(Records excerpted from a collection)
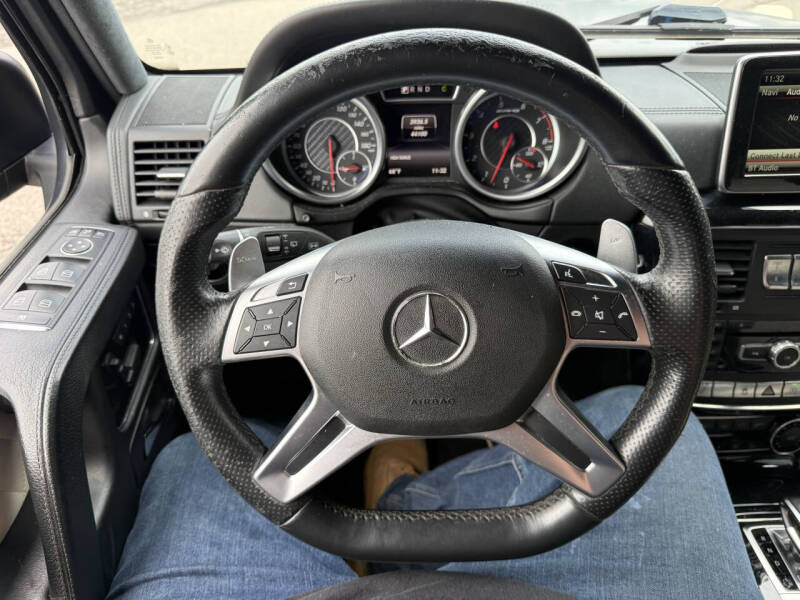 2016 Mercedes-Benz G-Class AMG G 63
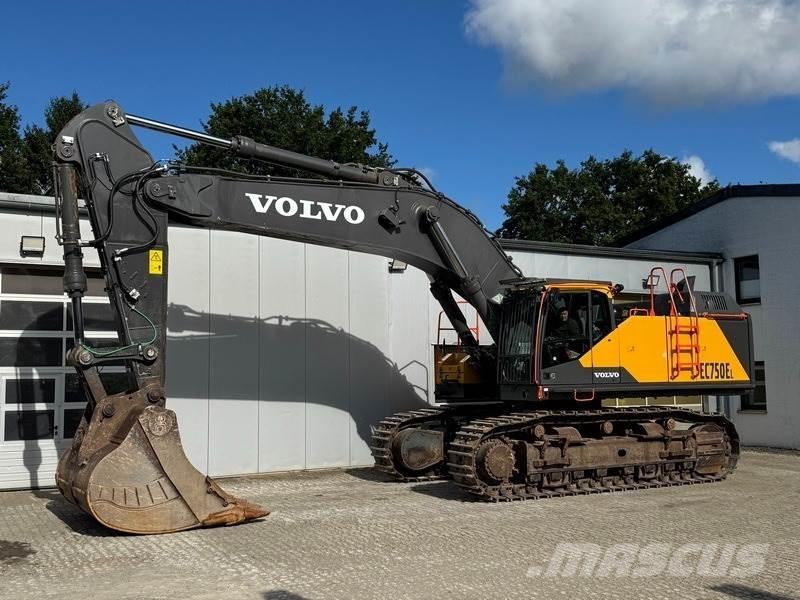 Volvo EC 750 EL Koparki gąsienicowe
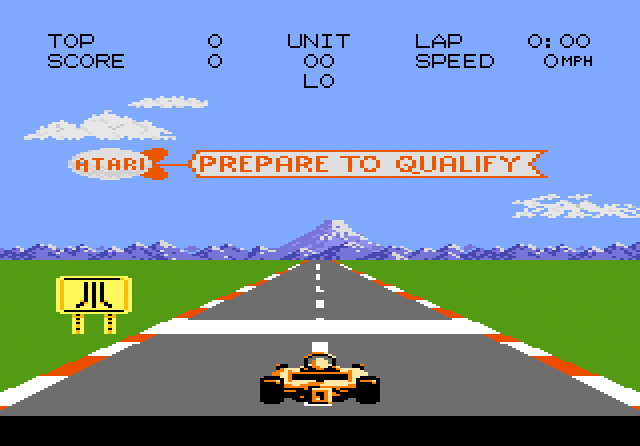 Pole Position II - Screenshot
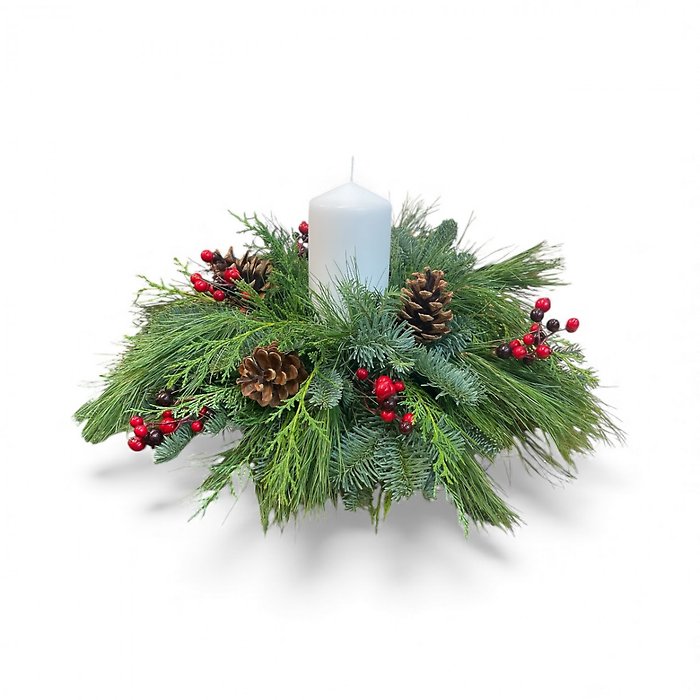 Evergreen Candlelight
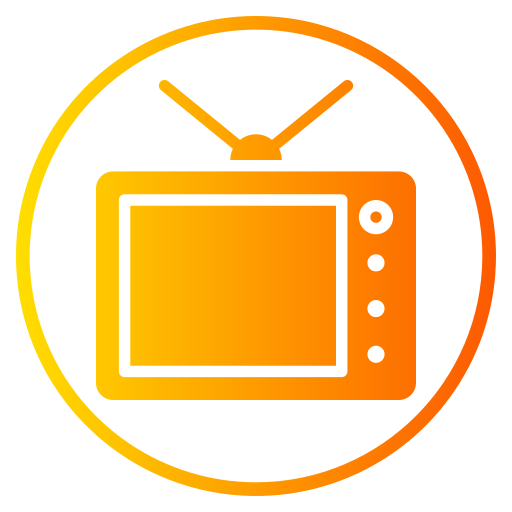 televisor antiguo icono gratis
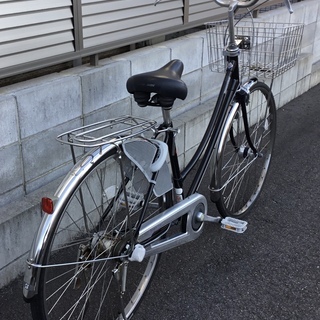 ＜良品＞ブリヂストン・アルベルト・シングルスター 27インチ自転車 内装3段変速 一発二錠鍵。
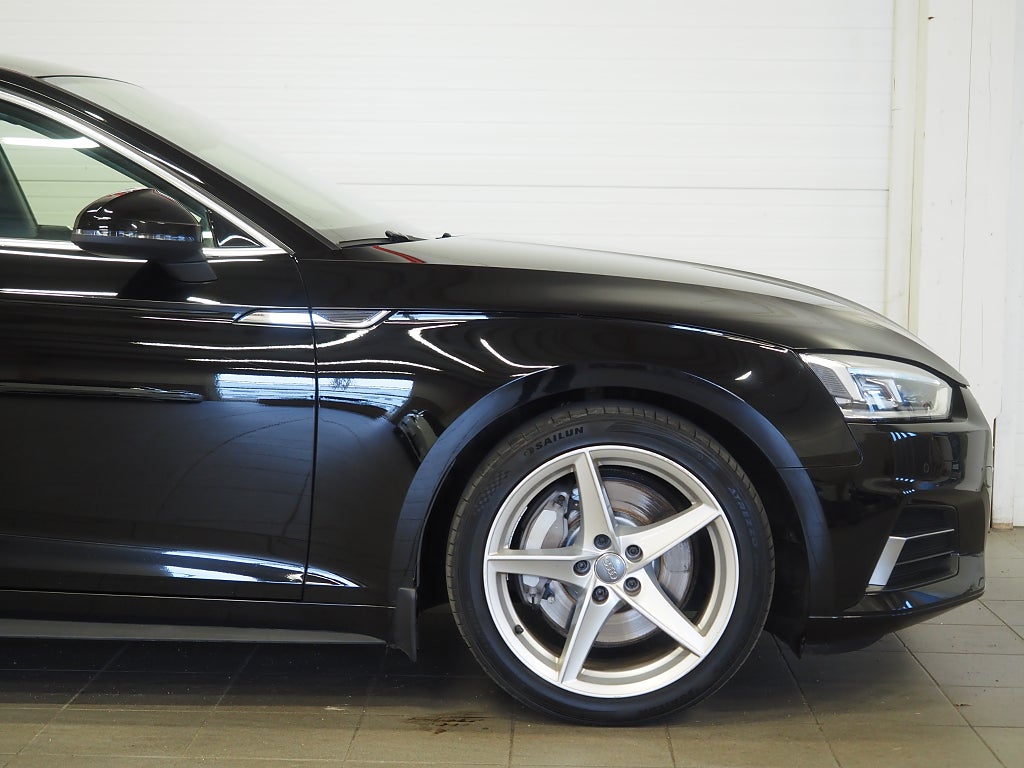 Audi A5 SB 45 TFSI 2.0 Quattro MHEV S Tronic | P-Värmare | Drag 2019
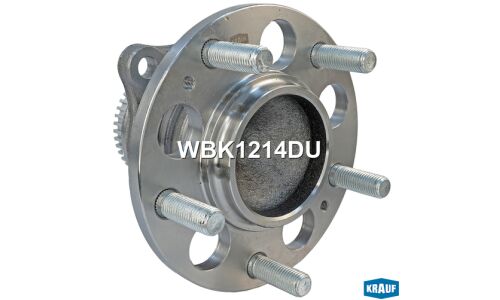 Ступица колеса Krauf, с ABS, задняя, для Hyundai Elantra, KIA Cerato, арт. WBK1214DU
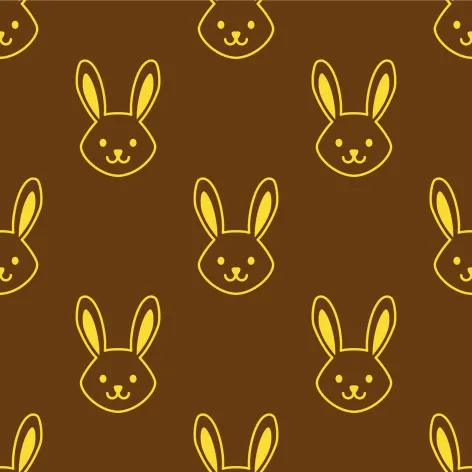 on milk.webp Transfer Sheets; Bunny - Bag of 30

▶ _ASSIGNMENT_:
Starting with the top line, write out all the data above exactly; keep the pictures out.

▶ _RESULT_:
 2016 Mercedes-Benz G-Class AMG G 63
 Volvo EC 750 EL Koparki gąsienicowe
 Pole Position II - Screenshot
 Evergreen Candlelight
 televisor antiguo icono gratis
 ＜良品＞ブリヂストン・アルベルト・シングルスター 27インチ自転車 内装3段変速 一発二錠鍵。
 Audi A5 SB 45 TFSI 2.0 Quattro MHEV S Tronic | P-Värmare | Drag 2019
 Ступица колеса Krauf, с ABS, задняя, для Hyundai Elantra, KIA Cerato, арт. WBK1214DU
 on milk.webp Transfer Sheets; Bunny - Bag of 30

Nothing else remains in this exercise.